> _DATA FOR REVIEW_

________________

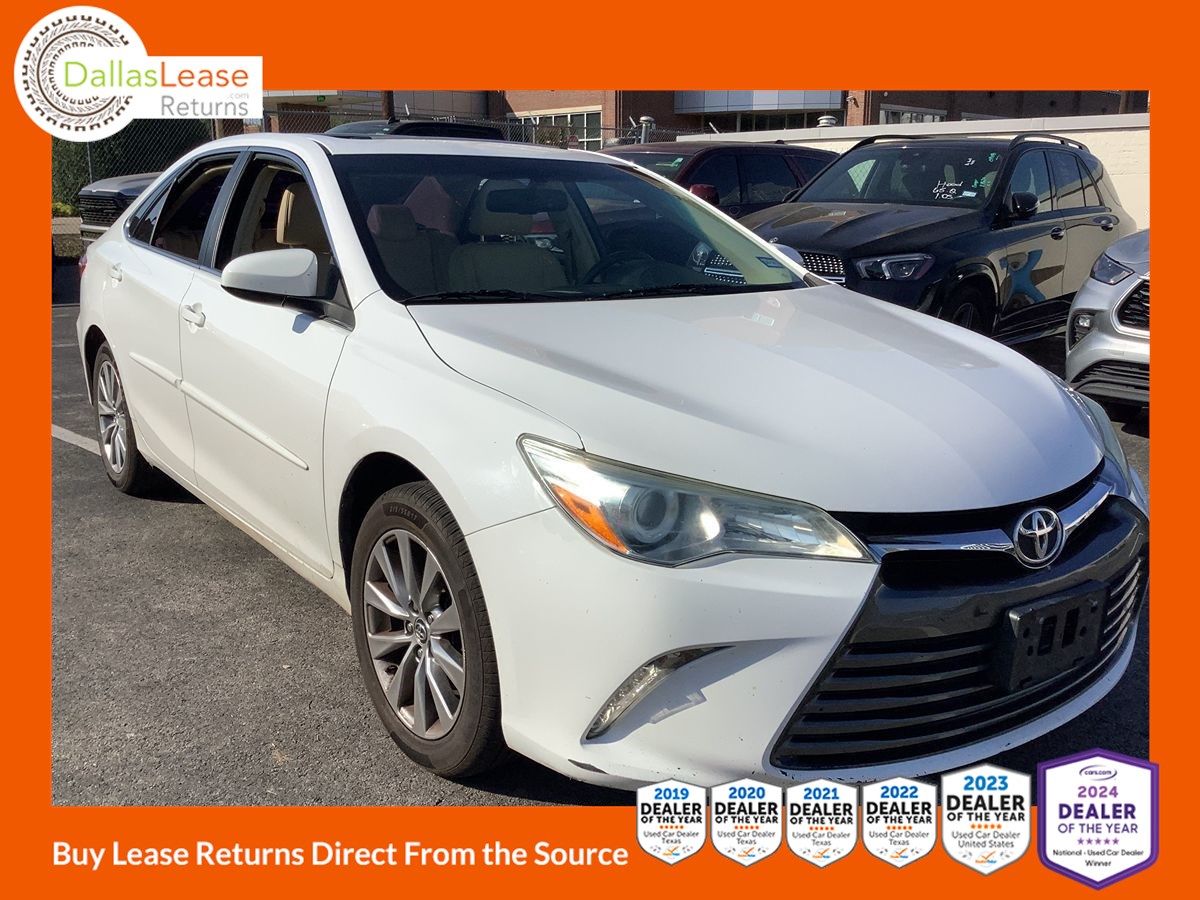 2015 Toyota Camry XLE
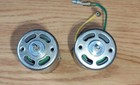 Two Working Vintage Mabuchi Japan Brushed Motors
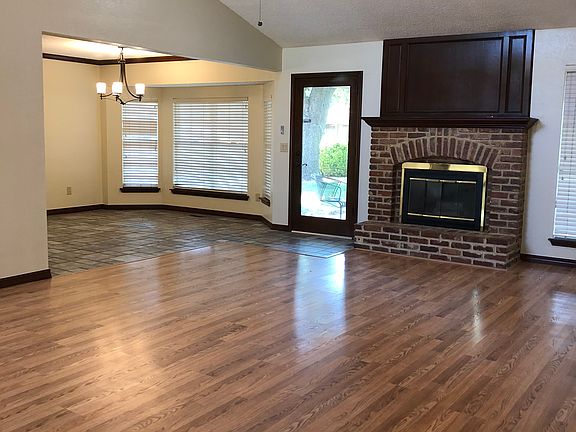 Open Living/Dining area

________________

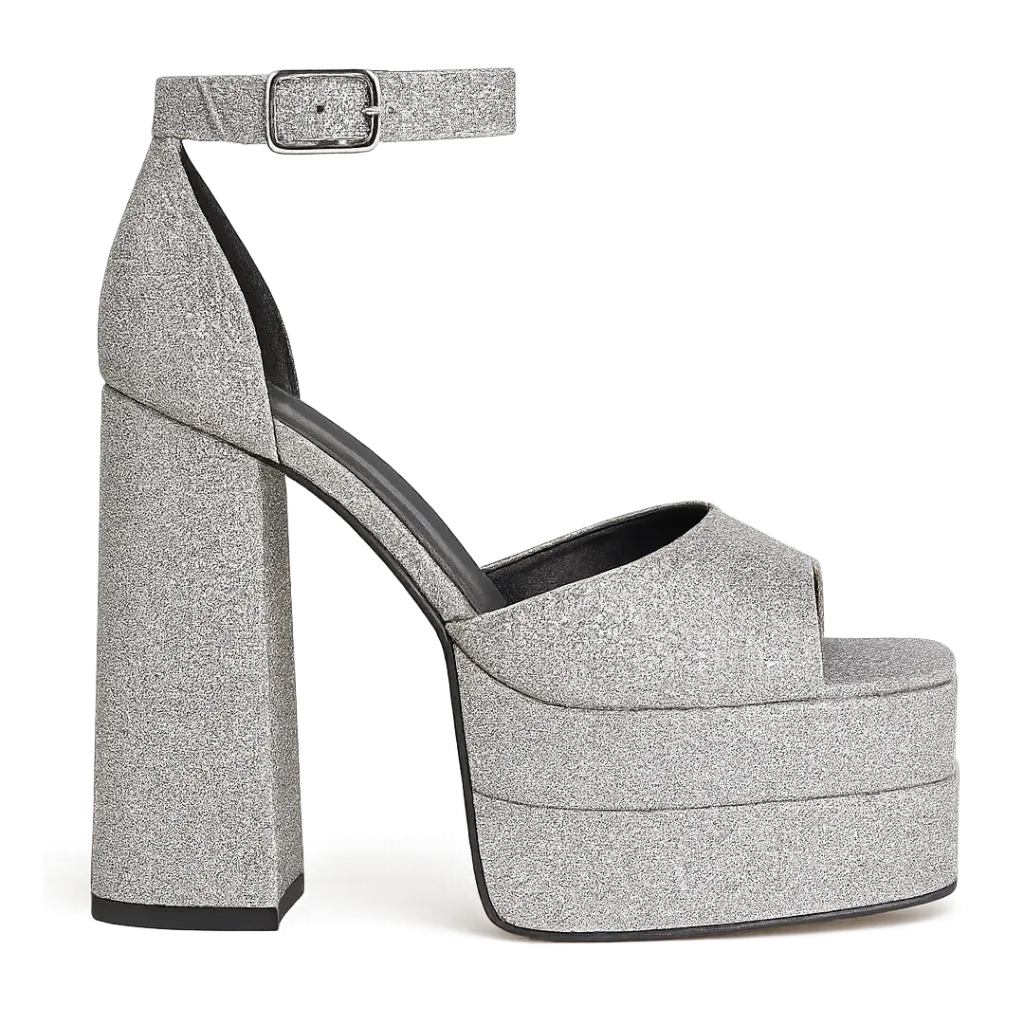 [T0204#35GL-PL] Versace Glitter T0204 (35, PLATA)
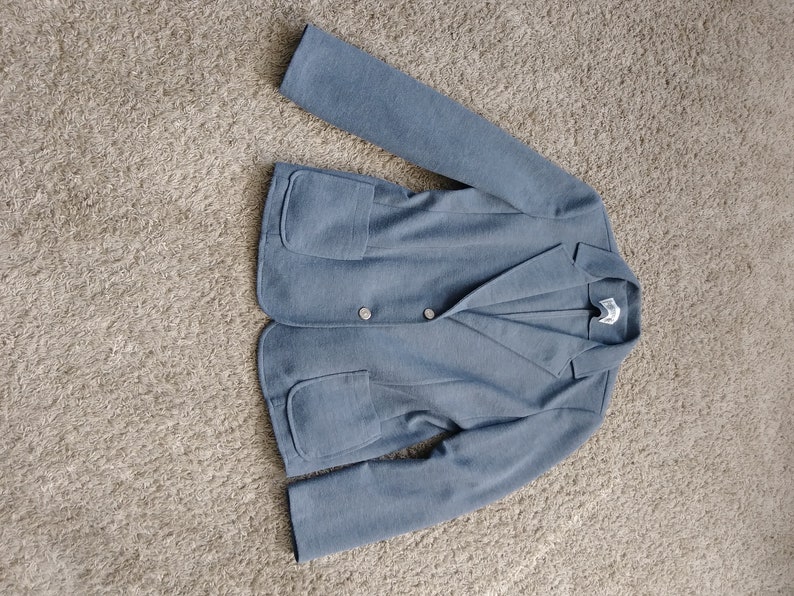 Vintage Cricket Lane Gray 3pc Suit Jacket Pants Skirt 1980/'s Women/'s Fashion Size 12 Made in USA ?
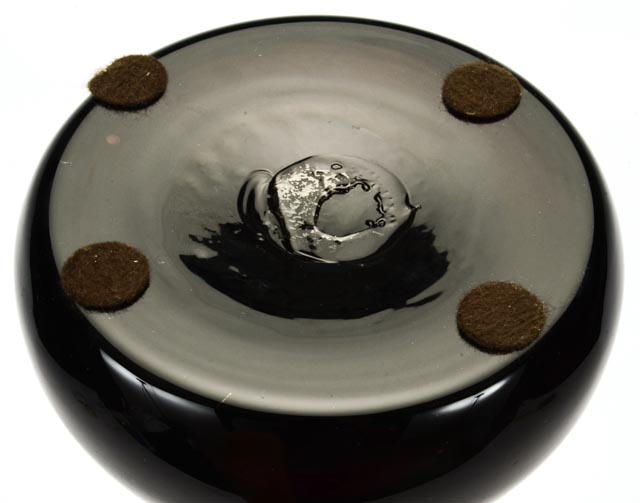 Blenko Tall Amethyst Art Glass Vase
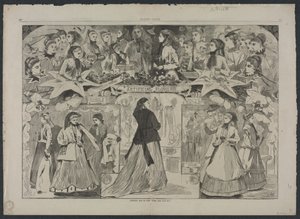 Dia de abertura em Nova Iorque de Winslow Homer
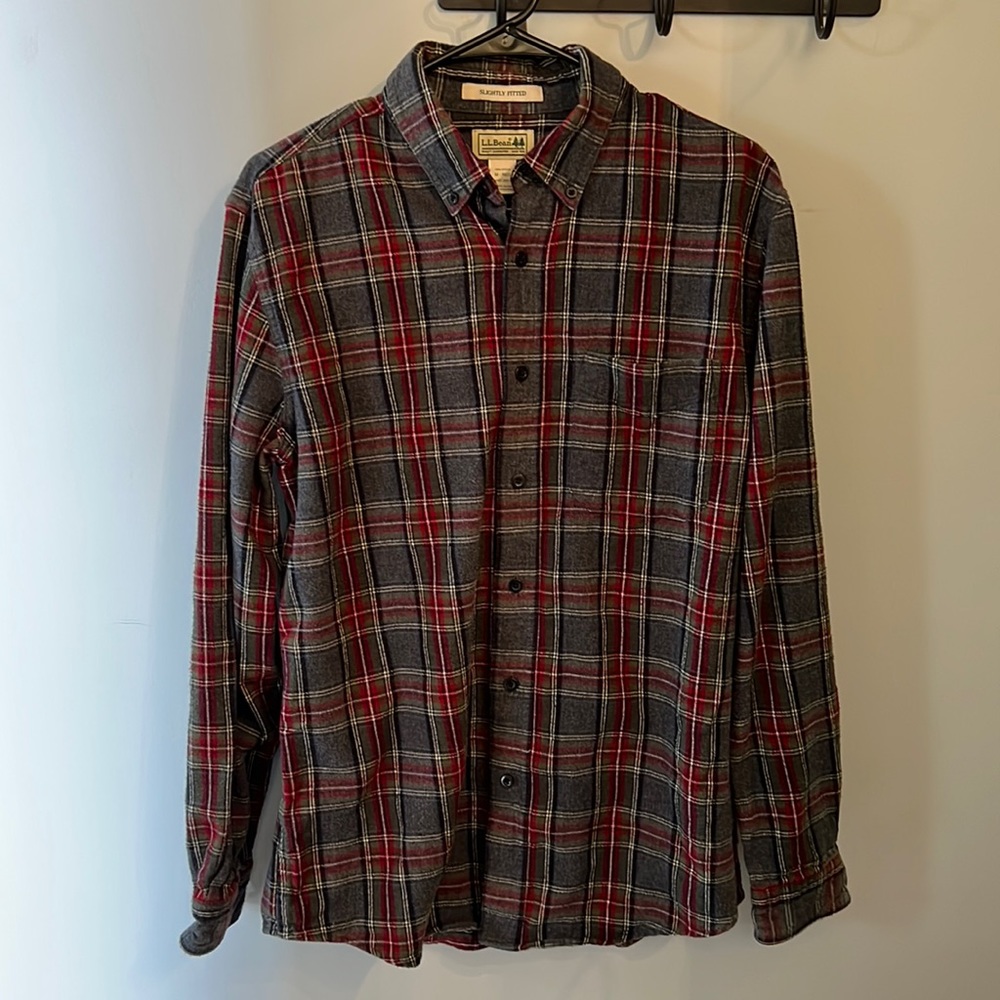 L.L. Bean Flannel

________________

> _TASK INSTRUCTIONS_
All lines above from the one containing "2015 Toyota Camry XLE" up to and including the one containing "Open Living/Dining area" are to be set down exactly, and nothing else. Leave images out.

> _SOLUTION_
 2015 Toyota Camry XLE
 Two Working Vintage Mabuchi Japan Brushed Motors
 Open Living/Dining area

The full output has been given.